Pre-war stationery and overprints

During the early days of the occupation pre-war postal stationery continued to be used, in particular postcards. However, postal stationery on Sumatra and in the Navy occupied area was shortly thereafter overprinted, often with the same overprints used on stamps. Not just postcards, but all types of pre-war postal stationery were overprinted, including international (reply) cards, revalued envelopes, letter sheets, and change of address cards.





The first printed occupation postcards

The first newly printed occupation postcards were issued on Celebes in June 1942. The often seen 3½ cent Dai Nippon cards appeared on Java in September 1942, and in May 1943 Sumatra issued its own definitive card. At the end of 1943 Java and Sumatra had a joint issue, a 3½ cent Dai Nippon postcard in a smaller format in order to save paper.





Other new issues

There were no further new issues on Sumatra. However, Java and the Navy occupied area continued to issue new stationery. This included, among other things, a new change of address card for Java and a new reply card for the Navy occupied area.





Rate increases

On July 1, 1944, the rate for a postcard was increased to 4 cents in the Navy area. This resulted in many new regional issues. A year later, on July 1, 1945, the rate for a postcard on Java was increased to 5 cents, and here, too, new cards were issued. On Sumatra the rate was increased to 7 cents on August 15, 1945, the day of the Japanese capitulation. No new card was issued for this.





Malayan stationery used in the Indies during the Japanese occupation

In the Riouw and Lingga Archipelago and on the Anambas Islands Malayan postal stationery was used, just as Malayan stamps were used there. The Malayan rate for a postcard was initially 2 cents and was later increased to 4 cents. Here we also find Malayan postal stationery not seen anywhere else in the Indies, such as the registered letter envelope. Initially the rate for a registered letter was 15 cents, which later was increased to 23 cents.





Repoeblik Java

Initially Japanese occupation cards were used without Republican overprints. In these cases the date of the cancel determines whether the card was used during the occupation or thereafter. Subsequently Japanese occupation cards were overprinted with Republik Indonesia and a new value of 5 sen.

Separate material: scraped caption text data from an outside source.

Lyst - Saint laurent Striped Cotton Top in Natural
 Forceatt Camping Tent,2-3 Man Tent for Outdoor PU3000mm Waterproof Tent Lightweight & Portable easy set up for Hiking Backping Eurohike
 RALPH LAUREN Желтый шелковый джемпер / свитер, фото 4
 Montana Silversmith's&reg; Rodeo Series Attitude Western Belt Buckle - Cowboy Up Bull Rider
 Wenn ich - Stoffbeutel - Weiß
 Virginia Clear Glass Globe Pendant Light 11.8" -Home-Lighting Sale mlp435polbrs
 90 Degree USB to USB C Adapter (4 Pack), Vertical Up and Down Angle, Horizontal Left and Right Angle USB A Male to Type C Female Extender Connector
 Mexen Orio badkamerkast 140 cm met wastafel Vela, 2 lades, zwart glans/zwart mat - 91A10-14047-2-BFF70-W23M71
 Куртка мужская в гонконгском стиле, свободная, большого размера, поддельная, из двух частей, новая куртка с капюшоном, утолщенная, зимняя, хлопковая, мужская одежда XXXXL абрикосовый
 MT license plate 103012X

The first postcards designed by the Republik appeared in 1946. Towarsds the end of 1949 there followed a few local emergency issues.







Republik Sumatra

As was the case on Java, initially Japanese occupation cards were used without Republican overprints. By then the tariff had doubled and we see cards with additional franking. Cards were also marked with a round postage paid mark with in the centre a T, symbol of the Japanese postal service. The mark was from the Japanese occupation period, and meant that the increased tariff had been paid.


As the tariffs for postcards changed several times, the cards were adapted to the new rates in numerous ways. There were very few newly designed cards issued.






Republik Bali

From October 1945 until late January 1946 there was a short period of Republican rule on Bali. Here, too, initially 4 cent occupation cards continued to be used. However, in January 1946 cards were overprinted 5 sen which was the rate on Java. The 5 sen cards were also distributed to the neighboring island of Lombok.


Subsequently these cards were overprinted with the additional overprint + 2 sen which was surcharge to help finance the independence movement.